Mikey Weiss had plenty in his Williamsburg store.

Weiss, standing inside his near empty Mikey’s HookUp store yesterday afternoon, as Apple enthusiasts braved the elements in long lines outside Apple stores, could have sold an iPad or other Apple gadget and had the tech fan on his or her way in minutes.

It’s one of the Big Apple’s big Apple secrets.

“I could have had dancing girls dressed as iPads in the streets,” he said. “But I enjoy selling to local customers rather than people coming in from Manhattan to snag them up.”

Not that the hungry Apple hordes won’t be coming, he said. Once they’ve depleted supplies in Manhattan, Weiss thinks they’ll be knocking on his door.

Weiss is a certified Apple seller, a member of the loosely knit affiliation of merchants authorized by the Cupertino, Calif., company to deal in iGadgets.

For Weiss and other such businesspeople, product launches are low-key affairs.

Apple prefers to reserve the hype for the primary retail chain locations that it runs and services.

Not that Weiss complains. He said he shuns the retail frenzy and doesn’t advertise the fact that he’s the only independently owned store in Brooklyn selling the new iPad.

Most customers don’t even know they’re in stock, and the only promotional material is a small placard next to the two demo devices he has set up in the store.

At the end of the day, Mikey’s HookUp sold five iPads.

Most certified Apple sellers like Weiss keep marketing to a minimum for a number of reasons, including Apple’s tight hold on how they can promote its products, a number of merchants told The Post.

Doing business on the outer reaches of Apple’s retail network can be difficult, some merchants said. A number of certified Apple specialists spoke on the condition of anonymity because they did not want to be on Apple’s bad side.

Product-launch days for Apple are also good news in other, off-the-beaten-track areas of the Apple universe — like re-sellers who retail used, vintage Apple gadgets.

Kevin Anderson, CEO of Powermax, which sells older Apple goodies in Washington state and Oregon, said as the iPad 3.0 hit store shelves yesterday his phone was ringing.

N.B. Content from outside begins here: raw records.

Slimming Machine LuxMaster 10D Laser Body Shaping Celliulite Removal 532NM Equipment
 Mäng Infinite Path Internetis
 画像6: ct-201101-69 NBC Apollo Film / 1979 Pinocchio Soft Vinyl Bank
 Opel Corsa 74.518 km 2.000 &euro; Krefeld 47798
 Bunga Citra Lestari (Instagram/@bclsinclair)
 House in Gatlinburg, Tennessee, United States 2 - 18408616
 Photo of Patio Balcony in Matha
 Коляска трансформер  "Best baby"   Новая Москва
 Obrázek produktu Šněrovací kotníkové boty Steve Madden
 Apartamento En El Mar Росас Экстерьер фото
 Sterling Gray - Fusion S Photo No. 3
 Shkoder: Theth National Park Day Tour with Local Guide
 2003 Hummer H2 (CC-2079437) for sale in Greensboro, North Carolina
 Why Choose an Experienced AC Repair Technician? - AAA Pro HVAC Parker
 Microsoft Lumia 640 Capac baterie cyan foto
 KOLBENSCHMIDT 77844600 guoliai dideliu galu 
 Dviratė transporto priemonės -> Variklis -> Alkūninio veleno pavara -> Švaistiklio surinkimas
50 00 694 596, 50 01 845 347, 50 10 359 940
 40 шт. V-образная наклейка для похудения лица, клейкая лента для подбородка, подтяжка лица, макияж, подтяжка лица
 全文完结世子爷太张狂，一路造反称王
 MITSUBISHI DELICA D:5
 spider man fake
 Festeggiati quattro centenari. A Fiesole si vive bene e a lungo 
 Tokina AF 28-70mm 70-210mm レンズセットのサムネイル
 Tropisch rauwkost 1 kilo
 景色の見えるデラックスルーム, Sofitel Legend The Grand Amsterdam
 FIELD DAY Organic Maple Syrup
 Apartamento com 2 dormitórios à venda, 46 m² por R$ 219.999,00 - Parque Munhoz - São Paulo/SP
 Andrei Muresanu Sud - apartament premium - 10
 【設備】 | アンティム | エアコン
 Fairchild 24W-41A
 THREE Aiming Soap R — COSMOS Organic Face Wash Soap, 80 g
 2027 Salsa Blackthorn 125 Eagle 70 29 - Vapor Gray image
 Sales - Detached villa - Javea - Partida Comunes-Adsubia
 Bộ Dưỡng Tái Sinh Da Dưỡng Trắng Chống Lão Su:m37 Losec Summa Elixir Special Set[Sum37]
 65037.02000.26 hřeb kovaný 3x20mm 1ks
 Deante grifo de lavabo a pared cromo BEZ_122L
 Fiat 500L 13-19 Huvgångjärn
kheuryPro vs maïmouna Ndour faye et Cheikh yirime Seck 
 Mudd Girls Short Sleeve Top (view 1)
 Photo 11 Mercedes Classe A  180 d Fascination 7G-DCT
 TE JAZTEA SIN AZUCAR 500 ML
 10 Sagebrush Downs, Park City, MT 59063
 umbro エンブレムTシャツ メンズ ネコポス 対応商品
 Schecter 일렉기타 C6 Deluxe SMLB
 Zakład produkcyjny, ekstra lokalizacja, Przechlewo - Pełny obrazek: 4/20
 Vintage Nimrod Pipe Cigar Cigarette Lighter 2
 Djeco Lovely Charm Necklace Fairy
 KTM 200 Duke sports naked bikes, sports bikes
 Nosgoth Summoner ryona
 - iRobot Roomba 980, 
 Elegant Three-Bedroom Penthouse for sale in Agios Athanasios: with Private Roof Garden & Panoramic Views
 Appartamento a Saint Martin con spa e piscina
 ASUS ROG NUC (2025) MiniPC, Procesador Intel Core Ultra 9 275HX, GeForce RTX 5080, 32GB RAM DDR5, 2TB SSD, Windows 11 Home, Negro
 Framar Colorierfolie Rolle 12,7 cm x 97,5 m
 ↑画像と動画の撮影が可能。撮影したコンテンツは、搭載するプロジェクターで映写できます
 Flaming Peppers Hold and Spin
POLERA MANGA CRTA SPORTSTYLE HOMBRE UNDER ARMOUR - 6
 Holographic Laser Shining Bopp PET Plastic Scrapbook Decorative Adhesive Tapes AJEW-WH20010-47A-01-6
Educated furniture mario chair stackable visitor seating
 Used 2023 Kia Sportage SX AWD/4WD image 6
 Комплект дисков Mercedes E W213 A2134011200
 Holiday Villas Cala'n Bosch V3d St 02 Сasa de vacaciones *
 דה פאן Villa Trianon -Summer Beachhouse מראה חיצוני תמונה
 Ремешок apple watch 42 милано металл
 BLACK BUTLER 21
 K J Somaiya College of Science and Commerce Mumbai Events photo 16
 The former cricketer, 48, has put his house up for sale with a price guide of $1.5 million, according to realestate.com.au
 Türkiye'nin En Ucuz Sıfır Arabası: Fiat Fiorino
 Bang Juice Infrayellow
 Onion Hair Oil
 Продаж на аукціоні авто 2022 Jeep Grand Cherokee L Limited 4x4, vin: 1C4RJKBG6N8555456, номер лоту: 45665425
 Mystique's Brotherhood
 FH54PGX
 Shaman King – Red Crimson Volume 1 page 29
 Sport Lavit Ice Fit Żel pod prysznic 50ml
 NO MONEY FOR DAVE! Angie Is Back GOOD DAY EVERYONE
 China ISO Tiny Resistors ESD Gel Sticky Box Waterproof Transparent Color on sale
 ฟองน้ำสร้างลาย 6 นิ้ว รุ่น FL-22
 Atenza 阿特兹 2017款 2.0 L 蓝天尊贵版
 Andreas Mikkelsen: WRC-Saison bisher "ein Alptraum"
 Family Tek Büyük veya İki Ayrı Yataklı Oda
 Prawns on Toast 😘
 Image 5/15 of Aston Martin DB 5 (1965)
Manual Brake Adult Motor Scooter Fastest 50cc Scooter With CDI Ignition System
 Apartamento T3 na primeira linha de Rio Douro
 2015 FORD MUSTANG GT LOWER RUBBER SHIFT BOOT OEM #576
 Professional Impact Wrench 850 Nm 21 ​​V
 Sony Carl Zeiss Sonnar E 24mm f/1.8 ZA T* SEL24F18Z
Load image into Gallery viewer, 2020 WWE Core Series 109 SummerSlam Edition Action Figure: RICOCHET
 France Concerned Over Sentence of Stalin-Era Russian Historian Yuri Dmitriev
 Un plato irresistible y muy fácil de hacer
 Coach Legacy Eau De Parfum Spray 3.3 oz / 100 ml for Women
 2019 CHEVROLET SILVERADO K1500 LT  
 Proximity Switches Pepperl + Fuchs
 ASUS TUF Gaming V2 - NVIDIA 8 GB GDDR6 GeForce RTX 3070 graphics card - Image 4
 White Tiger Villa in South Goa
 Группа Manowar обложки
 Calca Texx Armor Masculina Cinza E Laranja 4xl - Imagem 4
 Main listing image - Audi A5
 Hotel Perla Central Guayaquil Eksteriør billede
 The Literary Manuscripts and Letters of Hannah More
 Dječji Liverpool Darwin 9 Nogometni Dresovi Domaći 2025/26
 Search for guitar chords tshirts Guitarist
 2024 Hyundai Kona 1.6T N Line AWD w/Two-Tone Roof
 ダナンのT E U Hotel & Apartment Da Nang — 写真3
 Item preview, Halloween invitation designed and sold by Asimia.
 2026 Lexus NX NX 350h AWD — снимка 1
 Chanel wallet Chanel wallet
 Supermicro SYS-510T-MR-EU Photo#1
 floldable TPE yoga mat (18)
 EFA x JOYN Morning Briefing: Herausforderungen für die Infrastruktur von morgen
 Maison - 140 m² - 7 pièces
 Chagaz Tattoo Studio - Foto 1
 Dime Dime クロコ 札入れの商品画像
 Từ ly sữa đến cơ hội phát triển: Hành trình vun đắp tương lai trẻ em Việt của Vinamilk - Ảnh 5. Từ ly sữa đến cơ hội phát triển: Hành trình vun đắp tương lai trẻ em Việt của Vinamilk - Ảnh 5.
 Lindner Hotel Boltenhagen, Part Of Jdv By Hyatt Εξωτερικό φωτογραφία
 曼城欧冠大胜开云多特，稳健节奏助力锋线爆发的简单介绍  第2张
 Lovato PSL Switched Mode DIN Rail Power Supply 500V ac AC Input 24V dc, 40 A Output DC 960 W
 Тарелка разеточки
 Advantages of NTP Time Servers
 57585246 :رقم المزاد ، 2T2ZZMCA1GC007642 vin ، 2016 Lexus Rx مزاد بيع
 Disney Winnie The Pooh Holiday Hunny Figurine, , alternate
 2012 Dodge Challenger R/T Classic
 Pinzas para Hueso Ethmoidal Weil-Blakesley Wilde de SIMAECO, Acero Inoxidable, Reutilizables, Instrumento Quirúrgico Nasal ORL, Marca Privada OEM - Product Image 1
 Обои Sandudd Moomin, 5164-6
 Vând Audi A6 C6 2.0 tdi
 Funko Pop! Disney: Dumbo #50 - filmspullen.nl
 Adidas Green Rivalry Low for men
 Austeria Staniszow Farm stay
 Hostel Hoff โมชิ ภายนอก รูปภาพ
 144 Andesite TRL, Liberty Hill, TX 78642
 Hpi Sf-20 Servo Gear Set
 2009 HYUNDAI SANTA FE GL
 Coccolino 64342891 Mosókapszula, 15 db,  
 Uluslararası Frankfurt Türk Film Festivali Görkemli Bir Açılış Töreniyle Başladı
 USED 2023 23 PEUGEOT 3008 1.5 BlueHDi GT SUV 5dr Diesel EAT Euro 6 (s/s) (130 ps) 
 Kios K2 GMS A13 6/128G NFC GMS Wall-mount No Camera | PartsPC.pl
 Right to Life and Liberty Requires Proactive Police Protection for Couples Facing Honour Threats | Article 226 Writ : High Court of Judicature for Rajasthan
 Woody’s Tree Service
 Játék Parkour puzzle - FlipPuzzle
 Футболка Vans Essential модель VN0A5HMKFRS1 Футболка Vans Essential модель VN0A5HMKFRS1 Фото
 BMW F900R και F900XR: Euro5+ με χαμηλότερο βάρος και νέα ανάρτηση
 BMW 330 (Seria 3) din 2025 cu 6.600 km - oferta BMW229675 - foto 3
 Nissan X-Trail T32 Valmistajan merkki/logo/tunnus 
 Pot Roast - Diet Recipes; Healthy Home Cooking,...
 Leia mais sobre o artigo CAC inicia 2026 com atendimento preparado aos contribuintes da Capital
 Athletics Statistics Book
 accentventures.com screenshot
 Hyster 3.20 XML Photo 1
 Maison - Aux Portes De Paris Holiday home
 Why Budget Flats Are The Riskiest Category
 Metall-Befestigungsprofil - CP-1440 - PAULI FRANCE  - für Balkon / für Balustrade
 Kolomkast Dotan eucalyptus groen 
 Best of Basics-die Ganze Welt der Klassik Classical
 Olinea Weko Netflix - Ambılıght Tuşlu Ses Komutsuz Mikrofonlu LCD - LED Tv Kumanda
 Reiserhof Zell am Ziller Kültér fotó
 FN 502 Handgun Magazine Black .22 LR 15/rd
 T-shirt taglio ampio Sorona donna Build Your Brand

“We are getting a lot of inquiries on reselling the iPad 2,” he said.

Anderson said 40 percent of his tech retail business is made up of sales of used gadgets.

With the launch of the latest iPad, he expected a surge in customers looking for discounted older models, a product he is uniquely qualified to deal in as a certified Apple specialist and re-seller.

The world of Apple sales is unlike that of any other retail sector, as products retain value even years later.

Anderson, like other re-sellers, pays more for out-of-date Apple items than for other brands.

For example, Anderson’s shops sell old iPod Touches for up to $200 and used MacBooks at $499 — which he buys from folks at about $275 in store credit.

Original 16-gig iPads, which he buys for $175, still command a price of about $299.

No brand retains as much of its value as Apple does, these re-sellers said.